From the facts and pleadings available on the record, this Court finds that the State has not at all been able to show that the case of the present petitioner is different from the case of Kallu Kisku and others which has travelled up to the Hon’ble Supreme Court. 25. I would, therefore, direct the respondent Director, Handloom and Sericulture, Department of Industry, Bihar, Patna to pass an appropriate order in respect of the petitioner also keeping in mind the aforesaid discussions and the judgment of this Court reported in 2010 (1) PLJR 857 as also the judgment of the Hon’ble Apex Court in the case of Kallu Kisku and others and grant him similar benefits which have been allowed to those employees who were similarly situated as has been contended by the petitioner specifically in the writ application and has not been denied by the respondents in the counter affidavit. The claim for payment of outstanding salary shall also be considered along with other claims.

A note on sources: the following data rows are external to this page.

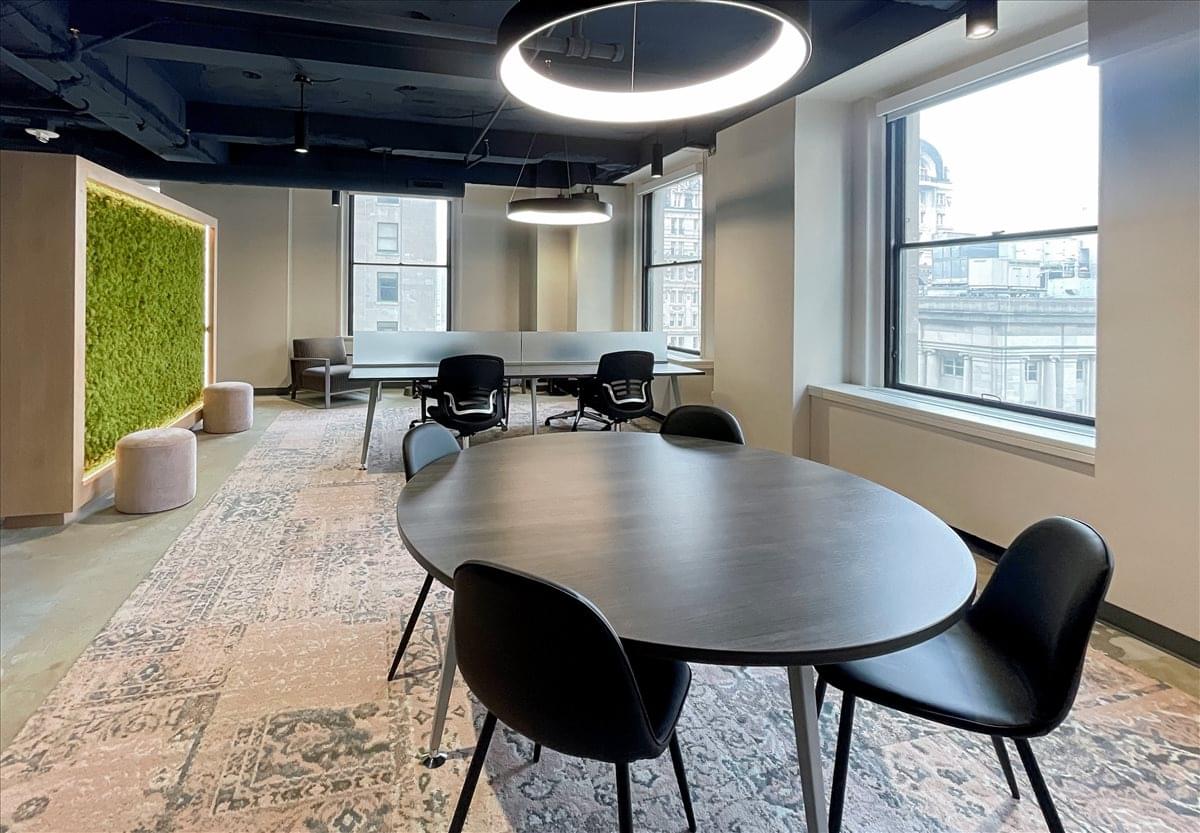 Photo of Office Space available to rent on 123 South Broad Street, Philadelphia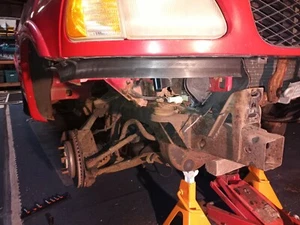97-03 Ford F-150 Front Bumper Filler RH Passenger Side Bumper Spacer Panel - Picture 1 of 12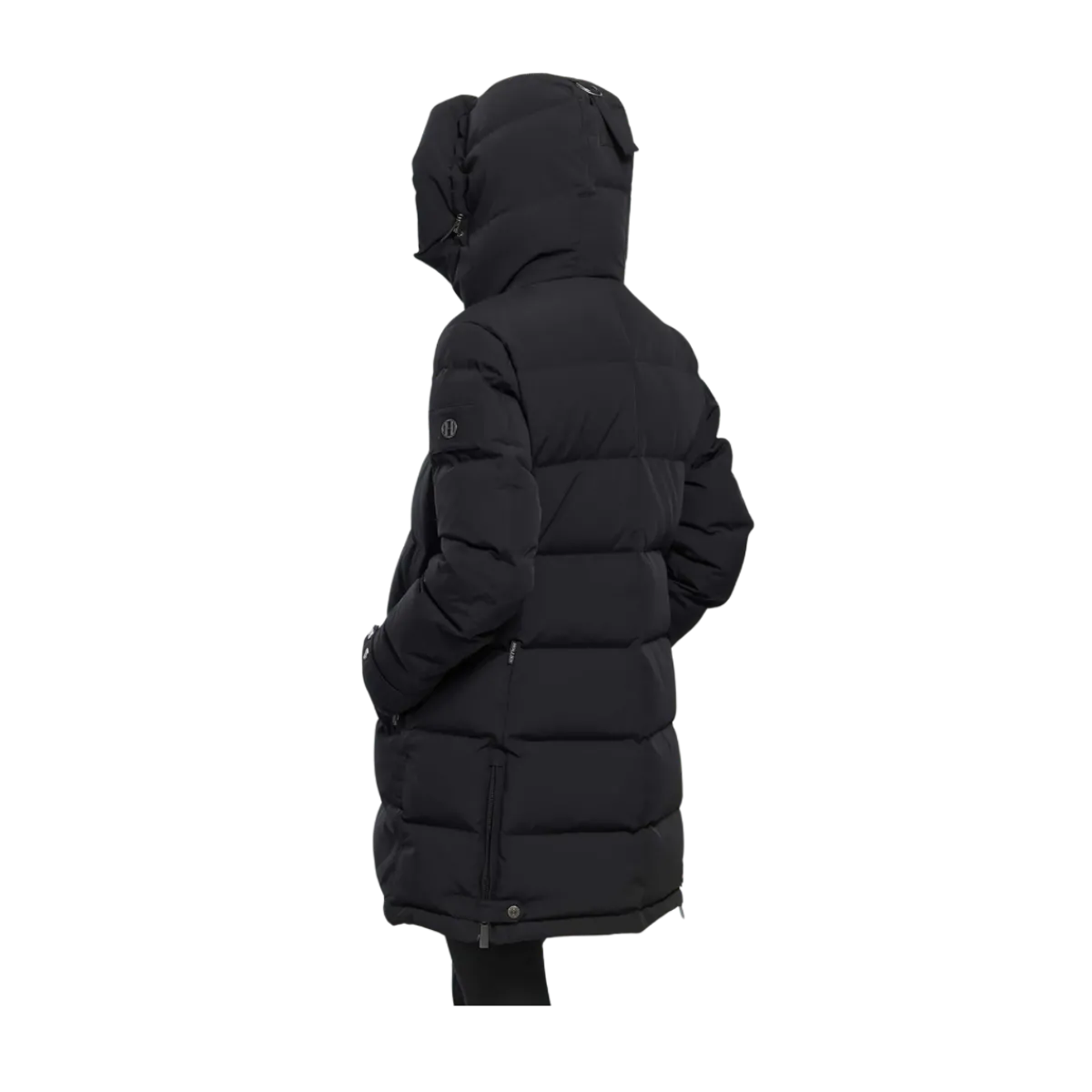 Hollies Brooklyn - 299 Black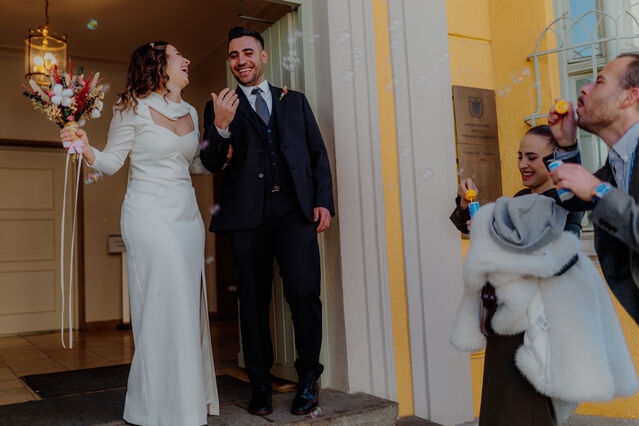 Africa & Yussuf Wedding Photo 24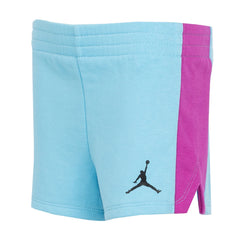 Jordan Air Stacked Short Set - Kids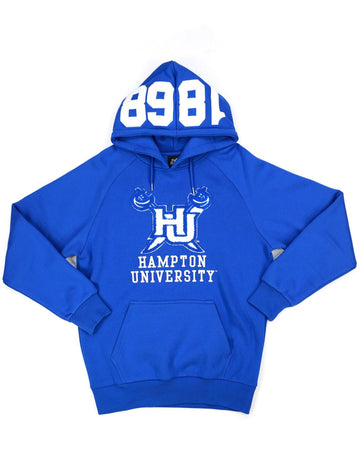 Hampton Hoodie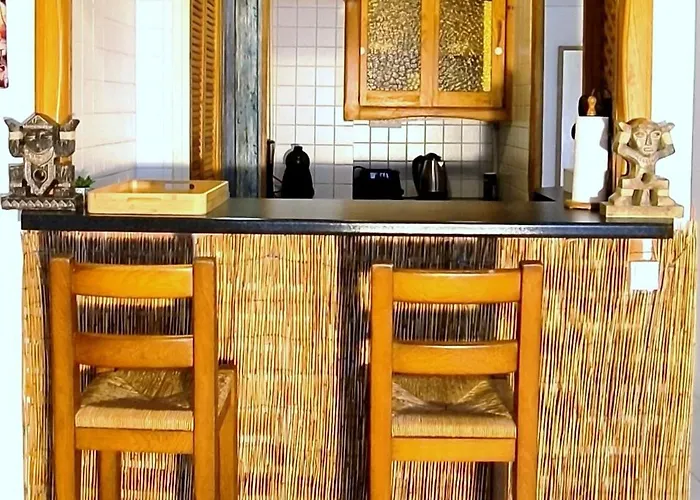 Daire Vk Ocean Mimizan-Plage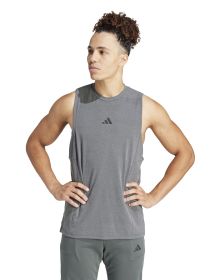 Musculosa Adidas Designed For Training Workout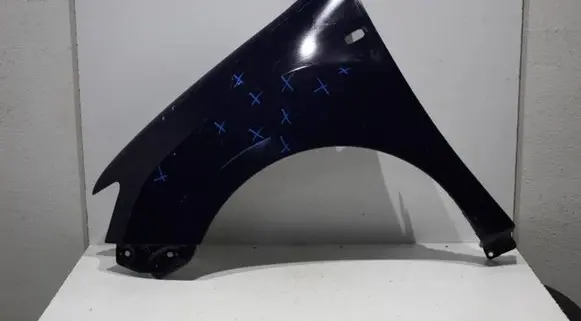 Renault Sandero II Fender Błotnik Dacia Sandero II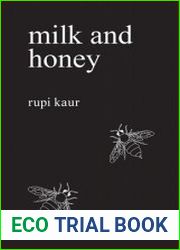 Milk and Honey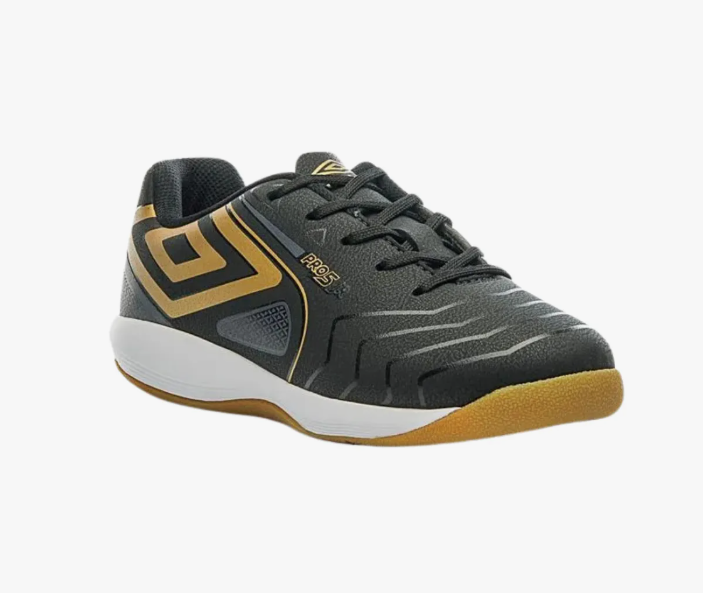 Tênis de Futsal Pro 5 JR  2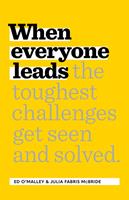   When Everyone Leads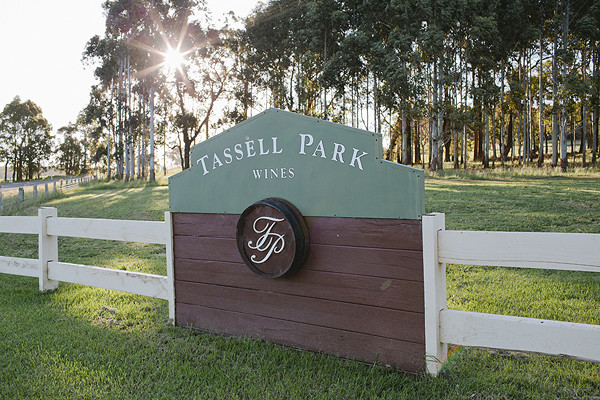 Tassell Park Wines景点图片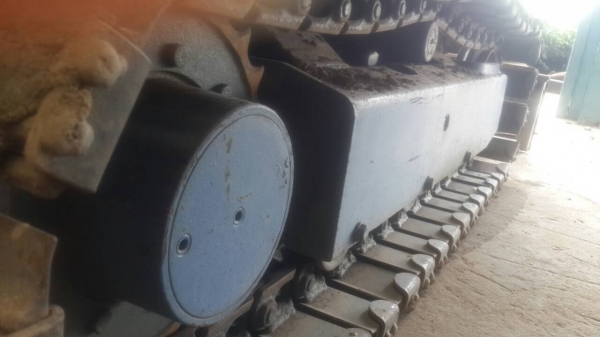 ขายรถขุดดิน KOBELCO K024 ขายรถขุดดิน KOBELCO K024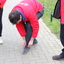 R.Th.B.Vriezen 2014 03 07 0801 - PvdA Arnhem Canvassen Presikhaaf 3 Arnhem vrijdag 7 maart 2014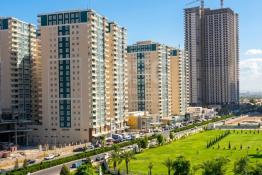 Apartment 165m for Sale in MRF Towers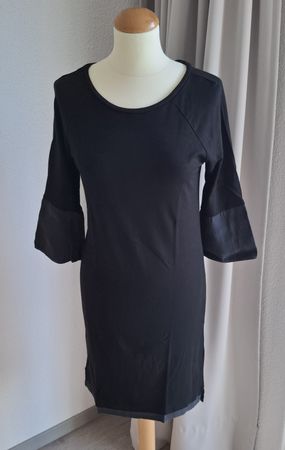 Kleid Yaya Women, schwarz, Grösse XS
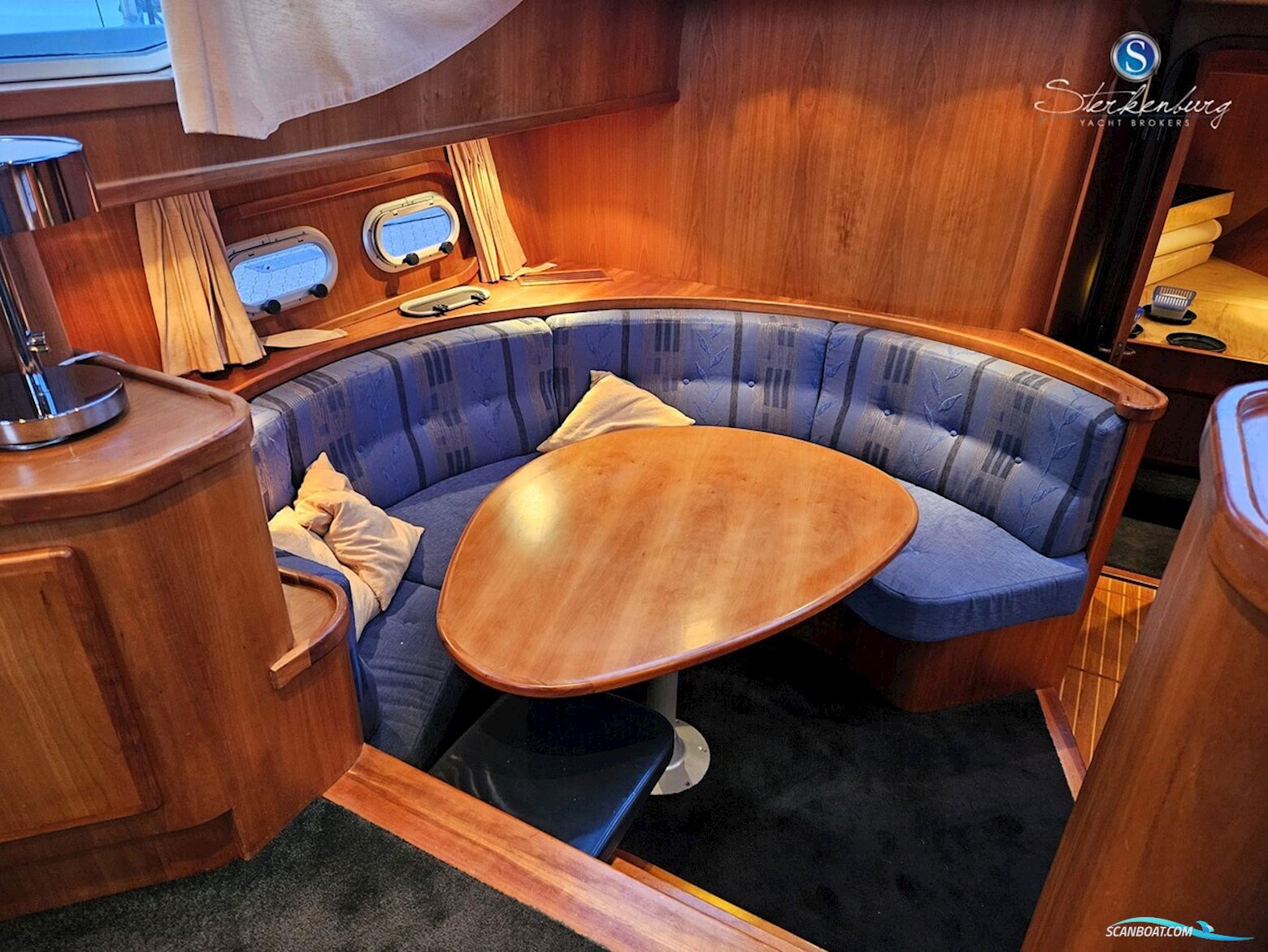 Pacific 155 Allure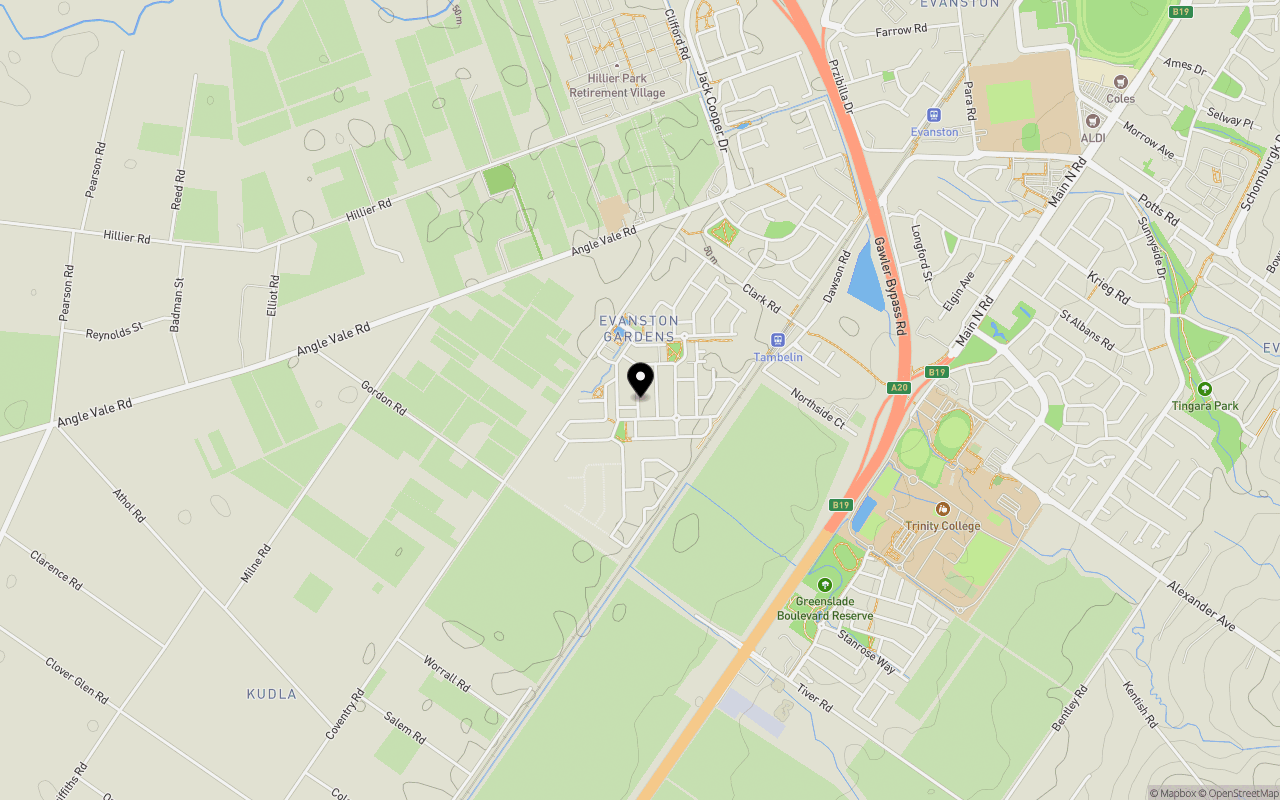 Map preview — click to interact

Such an order shall be passed by the Director, Handloom and Sericulture, Department of Industry, Bihar, Patna within a period of two months from the date of receipt/production of a copy of this order. The petitioner shall also be entitled to the consequential reliefs pursuant to such order which shall be passed by the Director in similar terms as have been granted to the other similarly situated persons. 26. The writ application is allowed to the extent indicated above.